Sümerolog ama, kendini "Türk tarihi" alanında da yetkin sayıyor olmalı.
Yoksa, lise ve üniversite çağlarını yaşadığı "otuzlu yılların" etkisiyle Sümer "kavmini" de Türk mü sayıyor? Milli Şef döneminde yaptığı akademik kariyeri bu görüşünü pekiştirmiş mi?
Hani var ya, Sümer Türkleri, Eti (Hitit) Türkleri, Fransız Türkleri, İngiliz Türkleri... Bütün dünya Türk asıllı...
Bu Sümer Türkleri'nin bankası bile var, Sümerbank! Eti Türkleri de İstanbul'a gelip mahalle kurmuşlar: Etiler. Akat kavmi de geri kalır mı? Onlar da koşmuşlar, Etiler'in hemen yanında Akatlar semtini oluşturmuşlar.
Muazzez Hanım, "kuraklık yüzünden Orta Asya'dan göç eden atalarımızın çam ağacını nerede bulup da süslediklerini" kolay kolay açıklayamaz.

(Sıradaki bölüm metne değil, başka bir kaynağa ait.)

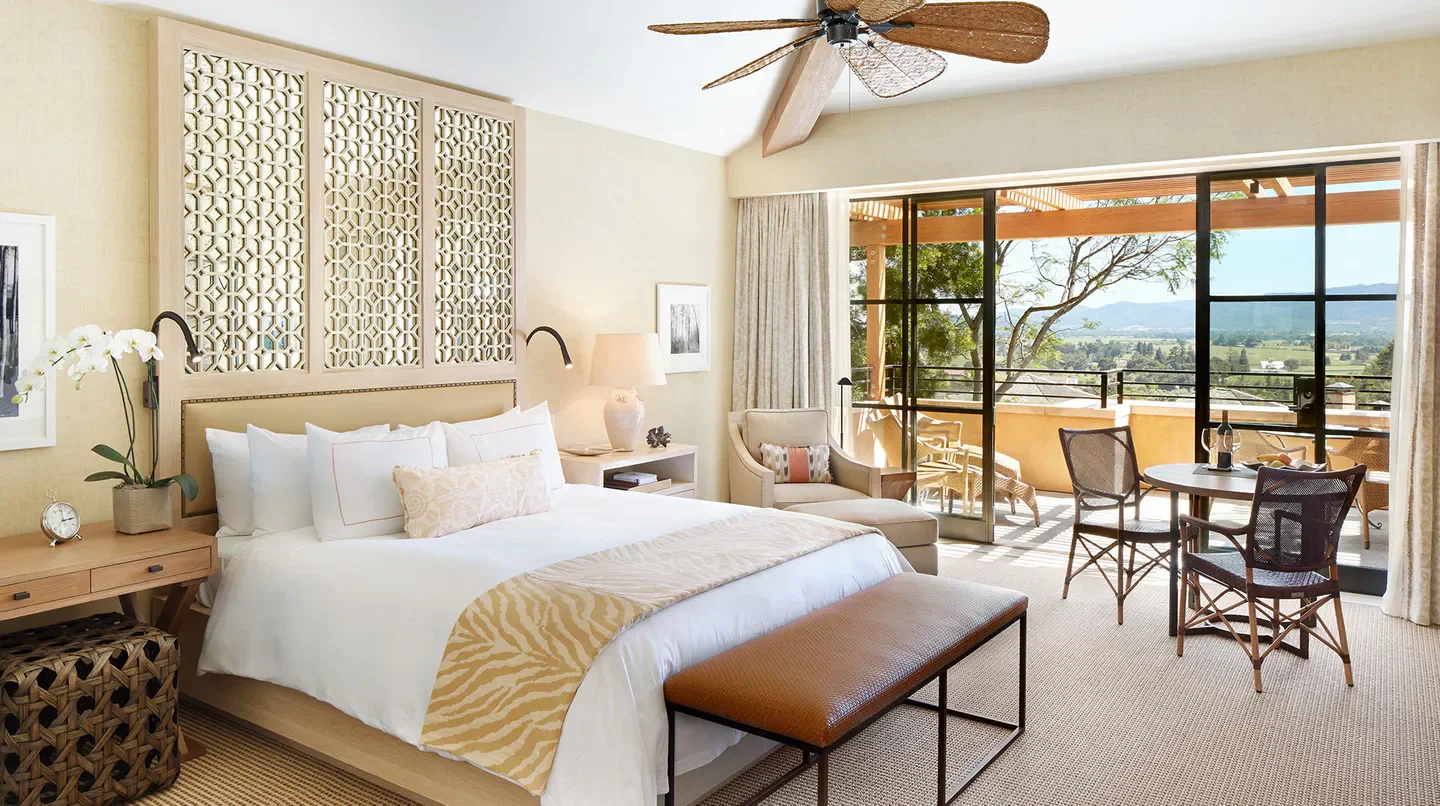 Spacious bedroom with a balcony overlooking Napa Valley at Auberge du Soleil resort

Olsa olsa, "kar, buz, ren geyiği" gibi motiflerle süslü "Germen Hıristiyanlığı" folklorunun bir unsuru olan çam süslemeyi, "Nordik kavimlerin de Türk asıllı oldukları" safsatasıyla yutturabilir ki, bu da otuzlu yılların iklimine uygundur.
Yoksa, Antalyalı olduğu ileri sürülen Noel Baba'nın (Ermiş Nikolaos), Türkler Anadolu'ya gelmeden yüzlerce yıl önce buralarda yaşamış bir Türk olduğunu da mı söyleyecektir?

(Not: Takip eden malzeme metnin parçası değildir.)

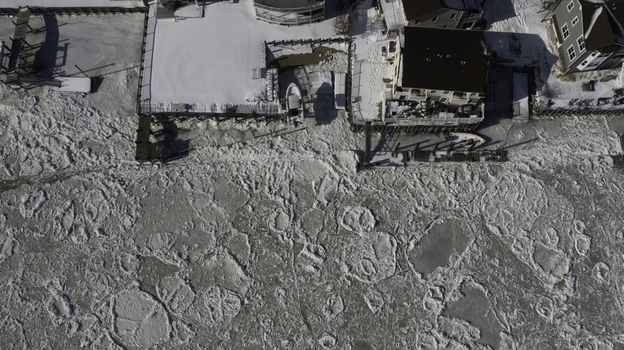 Aerial view of ice floes covering the water surface near residential houses and a wooden dock along the shoreline in Highlands New Jersey United States. Aerial view of ice floes covering the water surface near residential houses and a wooden dock along the shoreline in Highlands New Jersey United States.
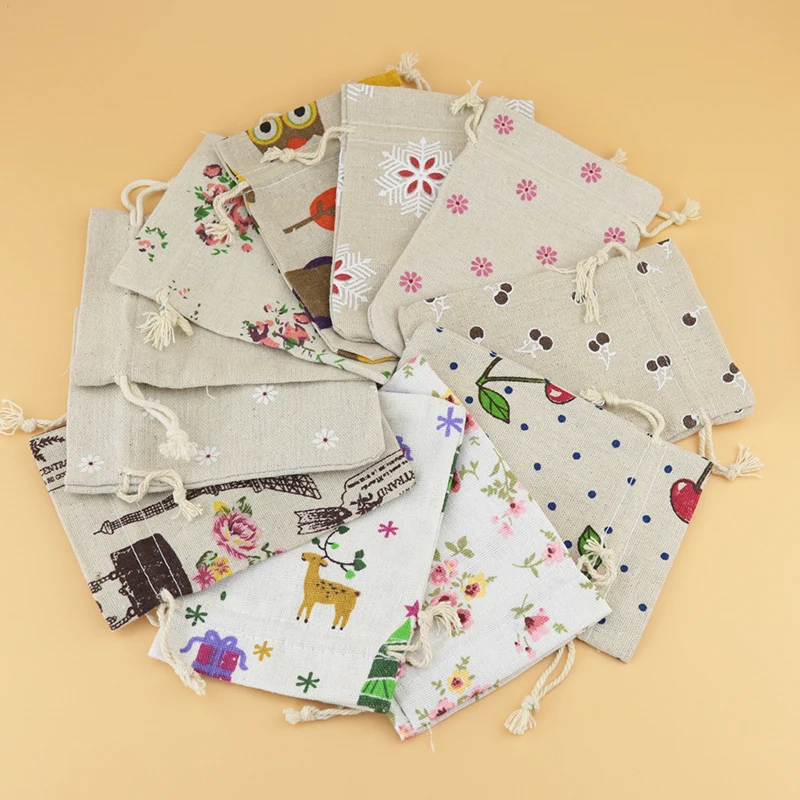 

Wholesale 50pcs/lot 10x14cm Cotton Bags Favor Random Mixed Drawstring Pouch Gift Bag Cute Charms Watch Jewelry Packaging Bags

Muazzez Hanım'ın gençlik yıllarını incelerseniz, o dönemin gazetelerine, dergilerine bakarsanız, Türk Tarih Kurumu kongre tutanaklarına falan, inanılmaz incilerle karşılaşırsınız:
Örneğin Agamemnon, "ağa memnun" demek... Sparta, eh adı üstünde canım, İsparta... Homeros da bir Türk şairi, asıl adı Ömer...
Bunlar ciddi ciddi yazılmış çizilmiş, en yetkili ağızlardan dile getirilmiştir bu memlekette!
Bendeniz, epeyce ilerlemiş yaşının da etkisiyle dilinin sürçtüğüne, Muazzez Hanım'ın bu meselede genel olarak "ağaca çaput bağlama geleneğini" kastetmiş olduğuna inanmak istiyorum.
Aksi takdirde, "bunları kim profesör yaptı" tartışması gündeme gelir...
Siz onu yanıtlayın, sonra da lafı "Afet İnan'ı kim profesör yaptı" meselesine getiririz. Afet Hanım "Türk tarih tezinin" fikir anasıdır.
Sahi, Afet Hanım ne profesörüydü yahu? "Atatürkoloji" mi? Böyle bir bilim dalı mı var?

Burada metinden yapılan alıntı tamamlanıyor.